*Task prompt:* Among the entries below, retype exactly the lines starting with the one with "Zeitungsausschnitt mit dem" and going on through the one with "Säljer ett par", but not the pictures.
___ Source records ___
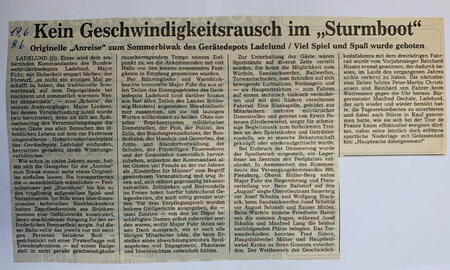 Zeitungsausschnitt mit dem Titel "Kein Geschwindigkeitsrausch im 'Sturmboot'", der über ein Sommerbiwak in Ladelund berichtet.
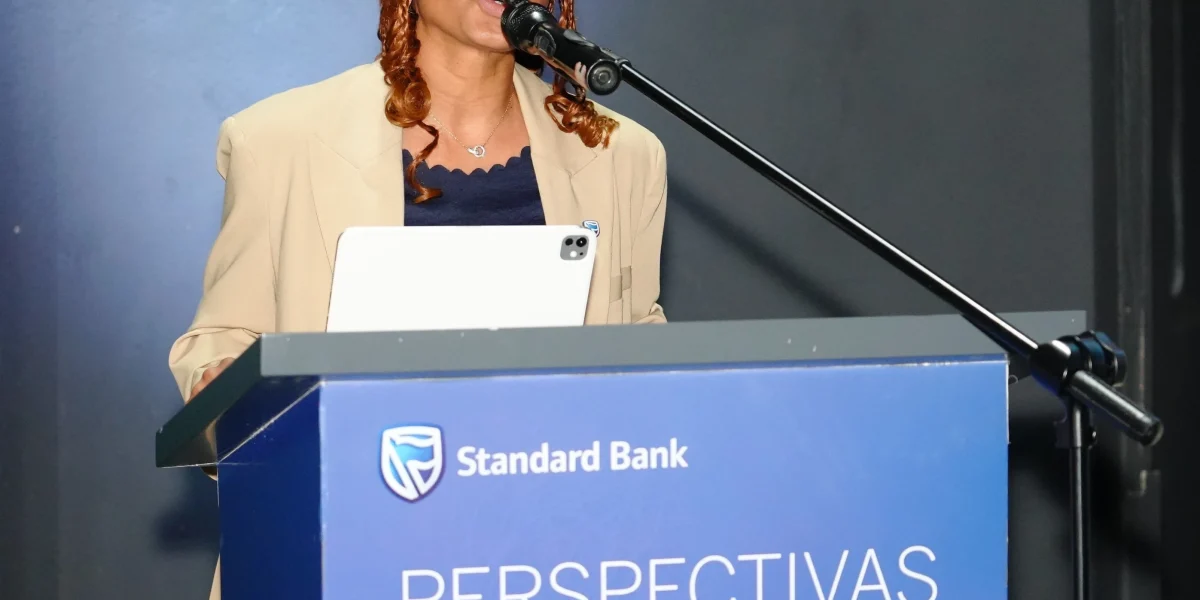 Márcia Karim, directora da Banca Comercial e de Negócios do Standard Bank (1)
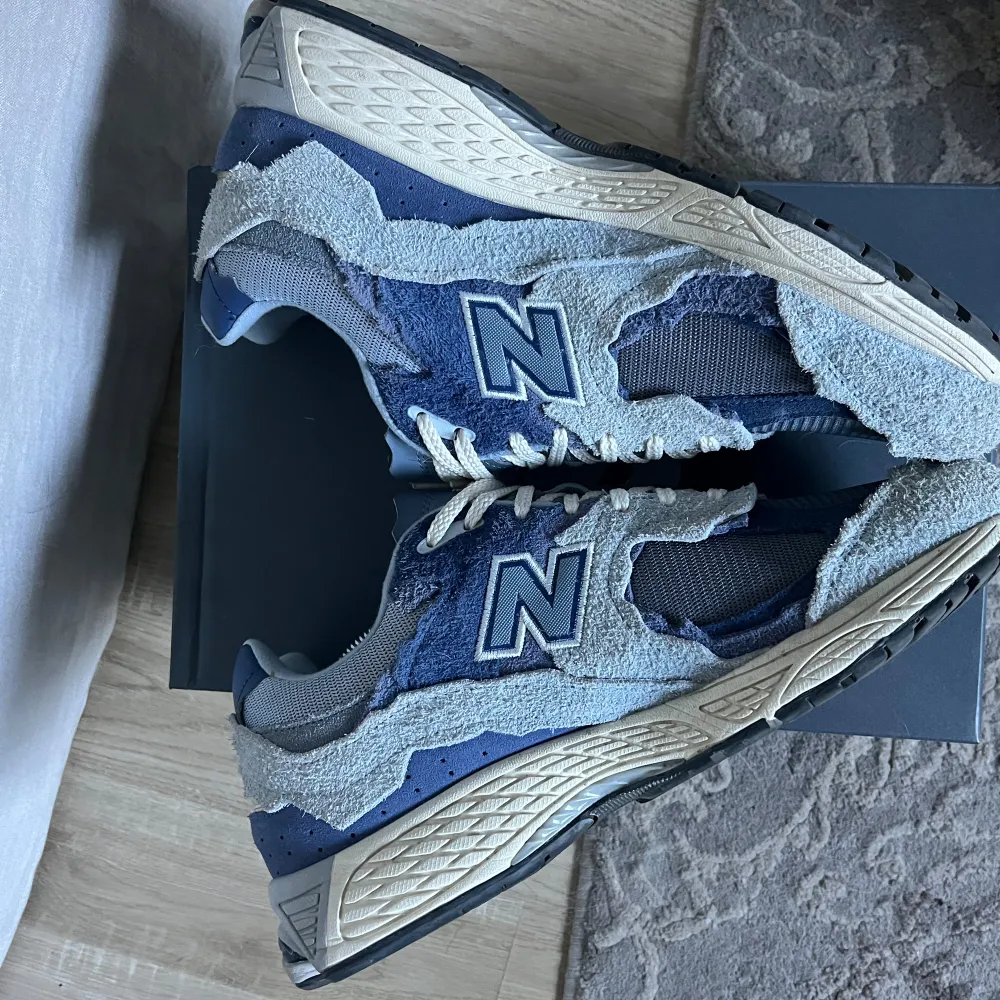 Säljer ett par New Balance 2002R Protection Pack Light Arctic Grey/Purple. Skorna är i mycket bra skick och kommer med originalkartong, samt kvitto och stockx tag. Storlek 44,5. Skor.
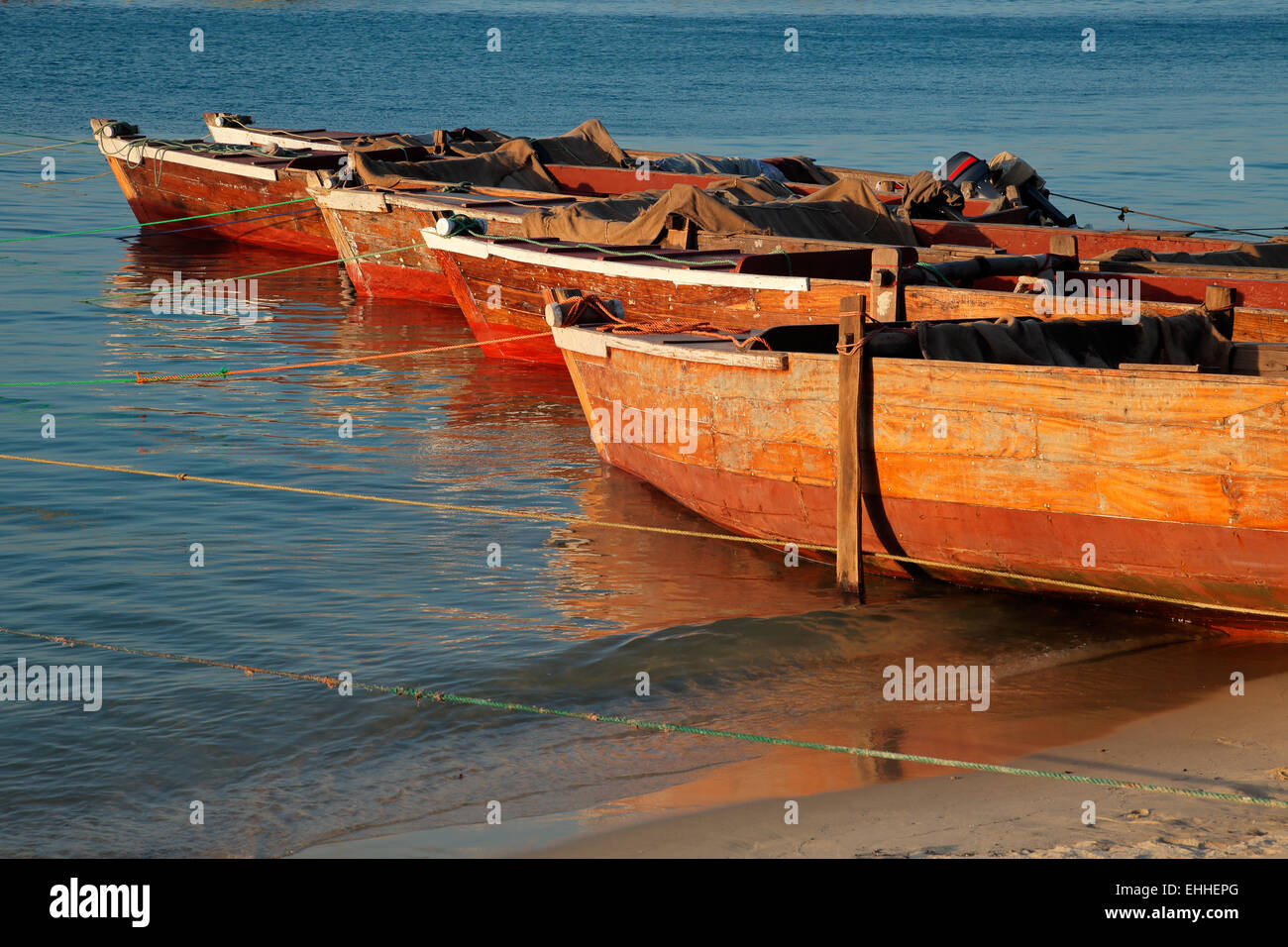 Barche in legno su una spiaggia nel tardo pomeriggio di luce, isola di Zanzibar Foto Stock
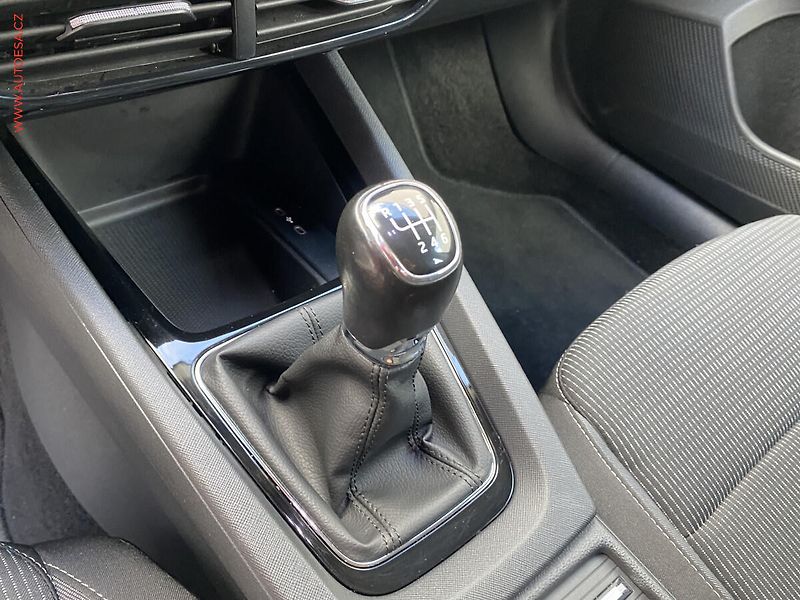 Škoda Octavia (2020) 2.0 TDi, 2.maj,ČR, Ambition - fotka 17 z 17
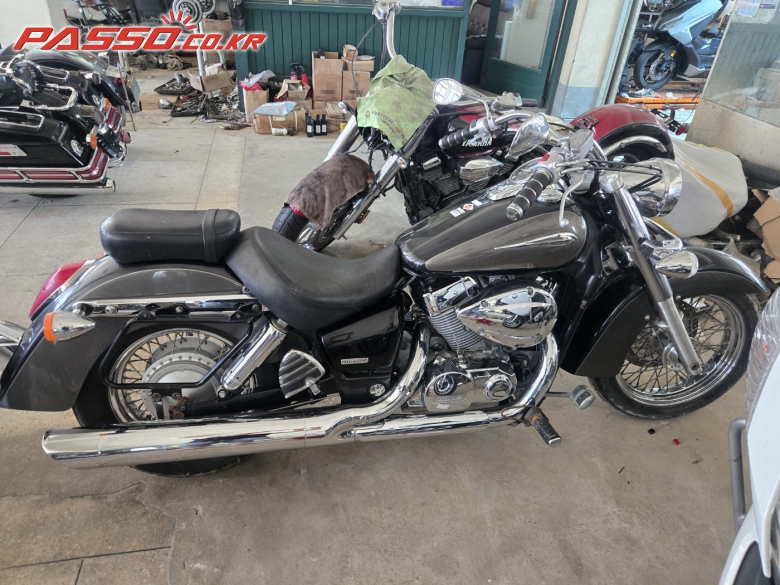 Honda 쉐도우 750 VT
___
___ Source records ___
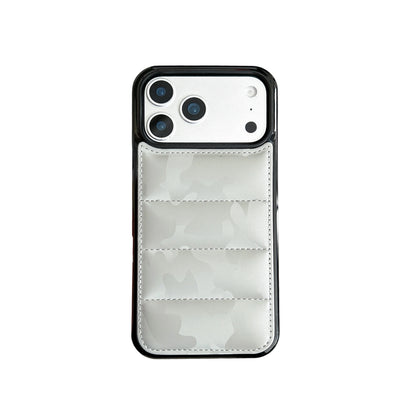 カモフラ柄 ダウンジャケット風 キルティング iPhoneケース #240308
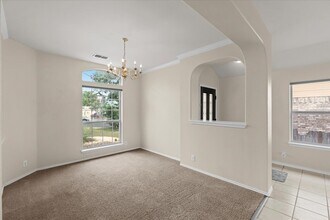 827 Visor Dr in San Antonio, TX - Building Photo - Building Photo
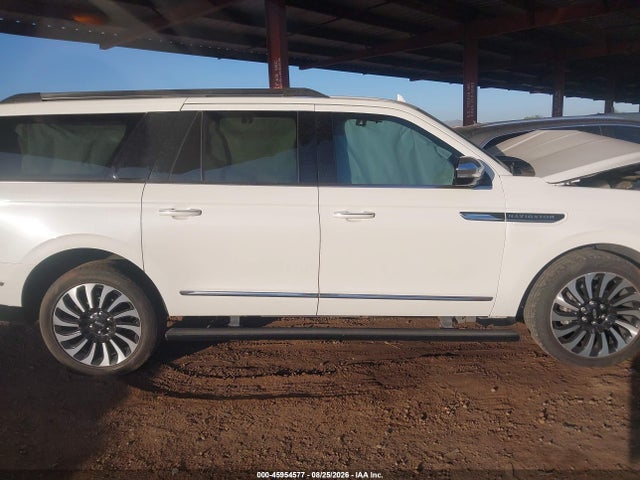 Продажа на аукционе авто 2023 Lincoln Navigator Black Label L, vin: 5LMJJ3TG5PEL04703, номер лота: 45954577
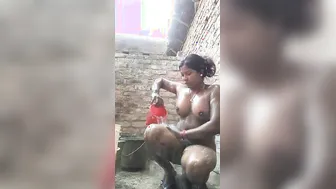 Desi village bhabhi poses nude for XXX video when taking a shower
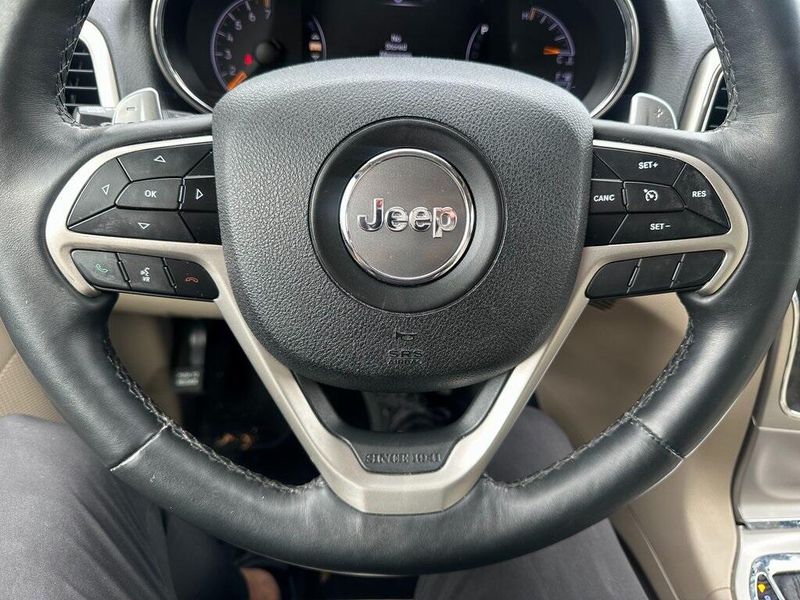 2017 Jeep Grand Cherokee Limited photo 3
___
___ Source records ___
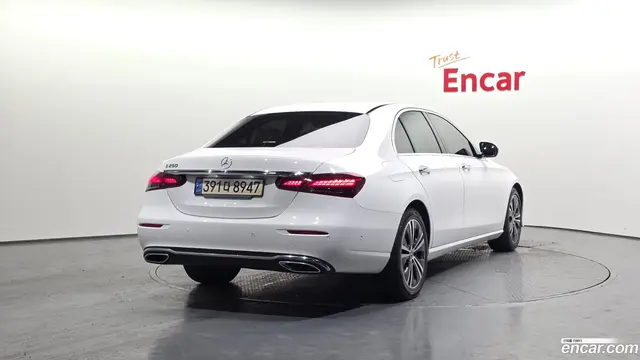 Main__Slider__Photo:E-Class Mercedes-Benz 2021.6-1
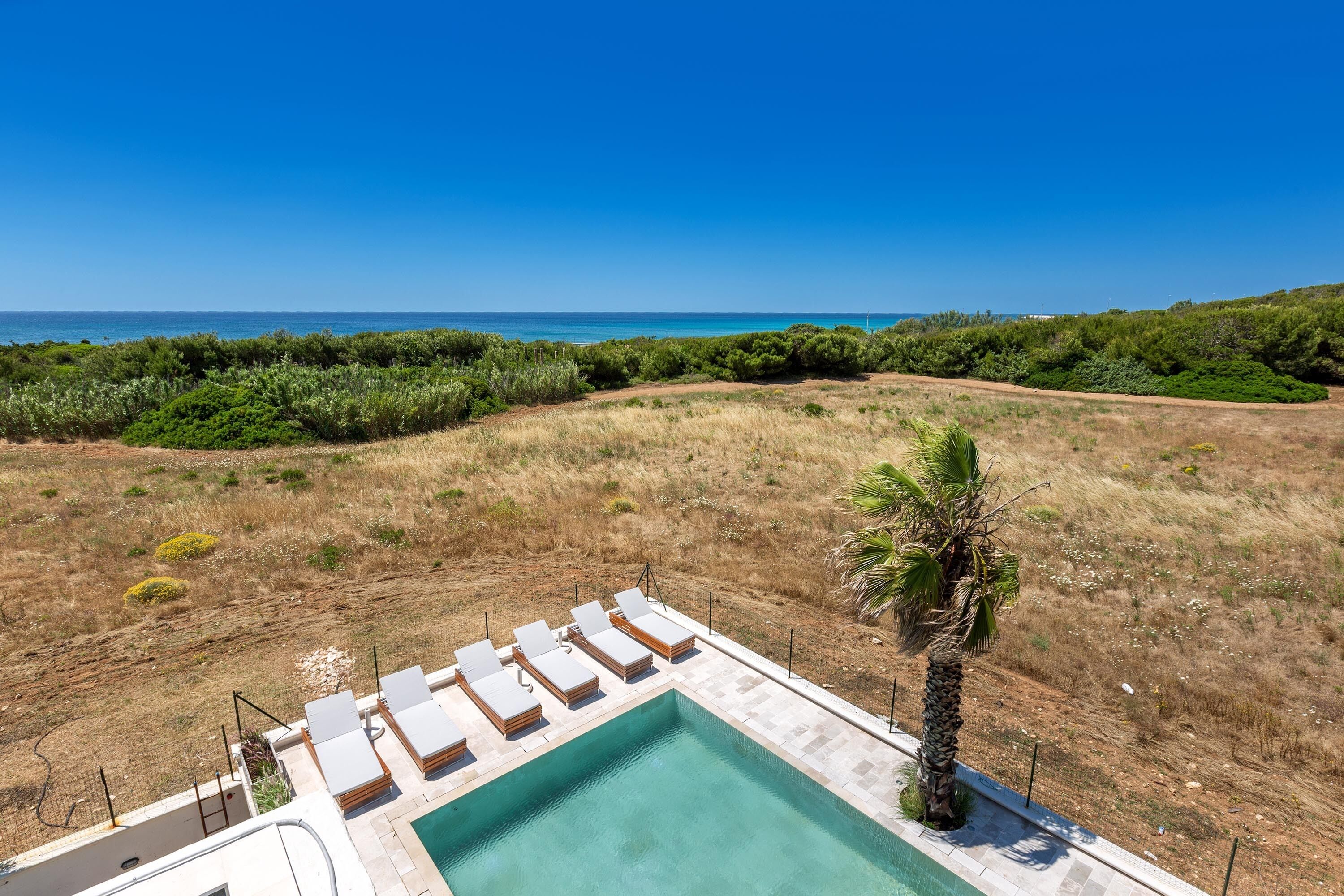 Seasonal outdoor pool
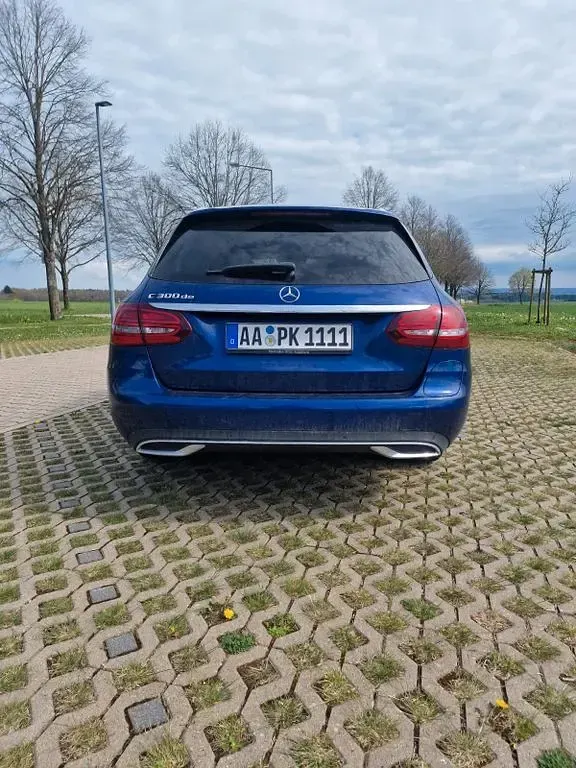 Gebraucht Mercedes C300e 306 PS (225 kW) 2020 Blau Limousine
___
*Response area:*
 Zeitungsausschnitt mit dem Titel "Kein Geschwindigkeitsrausch im 'Sturmboot'", der über ein Sommerbiwak in Ladelund berichtet.
 Márcia Karim, directora da Banca Comercial e de Negócios do Standard Bank (1)
 Säljer ett par New Balance 2002R Protection Pack Light Arctic Grey/Purple. Skorna är i mycket bra skick och kommer med originalkartong, samt kvitto och stockx tag. Storlek 44,5. Skor.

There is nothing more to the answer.